1 Ocak 2026 itibarıyla asıl uygulama dönemi başlayacak

Mali yükümlülüklerin devreye girdiği 1 Ocak 2026 itibarıyla asıl uygulama dönemi başlayacak ve SKDM sertifikalarının satın alınması gerekli hale gelecek.

Yönetmelik uyarınca AB, SKDM için 1 Ekim 2023’ten 31 Aralık 2025’e kadar mali yükümlülük doğmayacak bir geçiş dönemi uygulayacak ve üç aylık raporlama yükümlülüğü olacak.

2025 sonuna kadar geçiş döneminde ithal edilen ürünlere gömülü emisyonlar (embedded emissions) için herhangi bir ücretlendirme yapılmayacak.

Yönetmelik, düzenleme kapsamına alınan ürünlerin üretimi esnasında ortaya çıkan gömülü emisyonların hesaplanmasına yönelik geçiş dönemi metodolojisini detaylandırıyor.

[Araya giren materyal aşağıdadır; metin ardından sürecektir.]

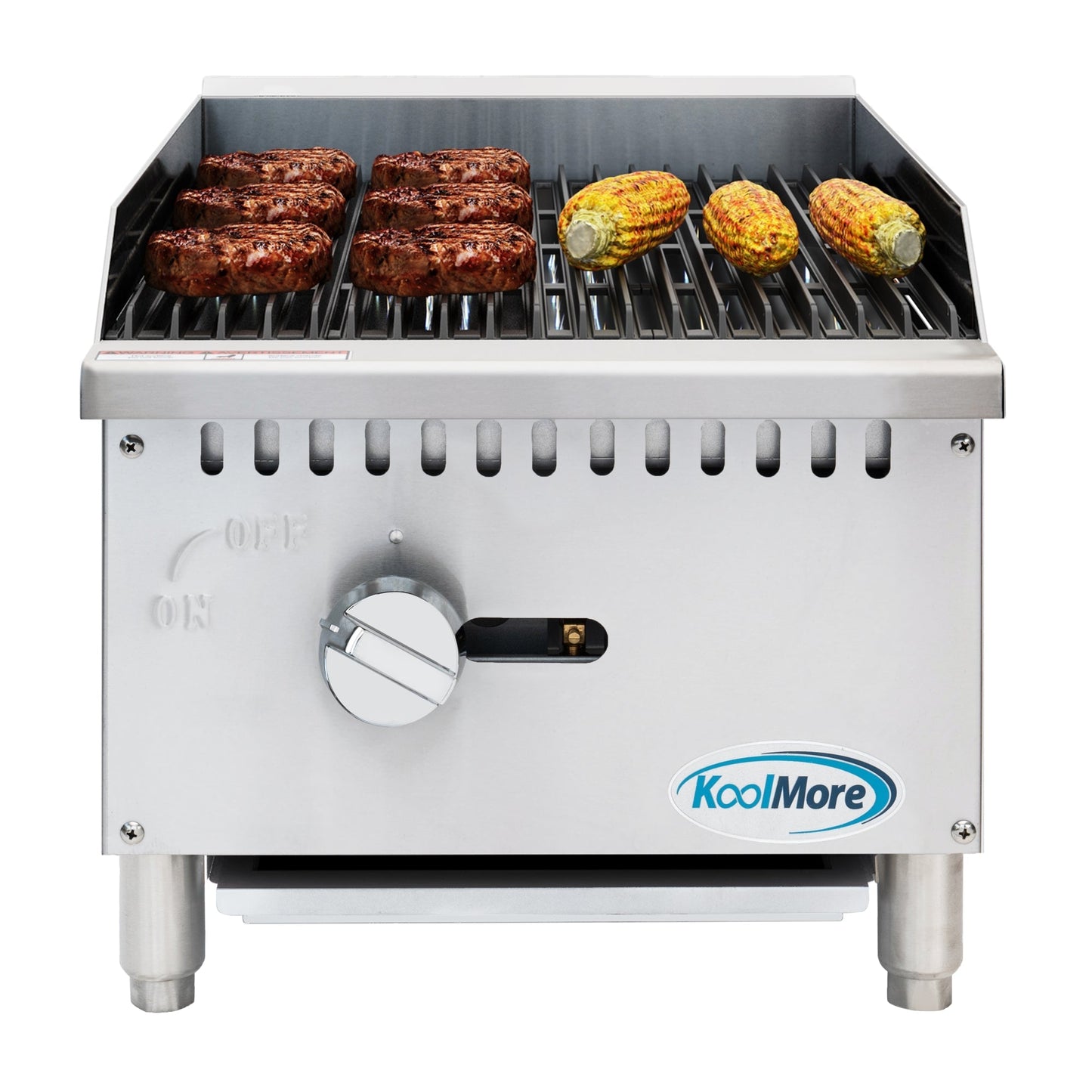 KOOLMORE 16 in. Commercial 1-Burner Natural Gas Charbroiler with 30,000 BTU in Stainless-Steel - KMGCB118M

Komisyon tarafından kabul edilmeden önce kamuoyunun görüşüne sunulan Yönetmelik, AB üye devletlerinin temsilcilerinden oluşan SKDM Komitesi tarafından onaylandı.

Komisyon SKDM geçiş sürecinde ithalatçılara, ihracatçılara ve gümrük müşavirlerine destek olmak amacıyla; uygulamanın pratik yönlerine ilişkin bir Uygulama Kılavuzu da yayımladı.

SKDM uygulamasından en olumsuz etkilenecek ülkelerden biri de Türkiye...

Uzmanlara göre, 2026’da AB SKDM uygulamasından Çin ve Rusya’nın ardından en olumsuz etkilenecek ülke; Türkiye.

AB, SKDM ile üretim esnasında salınan karbon emisyonları için ithal ürünlere ilave ücret getiriyor, böylelikle diğer ülkelerde daha temiz üretim yapılmasını sağlamayı ve AB üreticilerinin rekabetçiliğini korumayı hedefliyor.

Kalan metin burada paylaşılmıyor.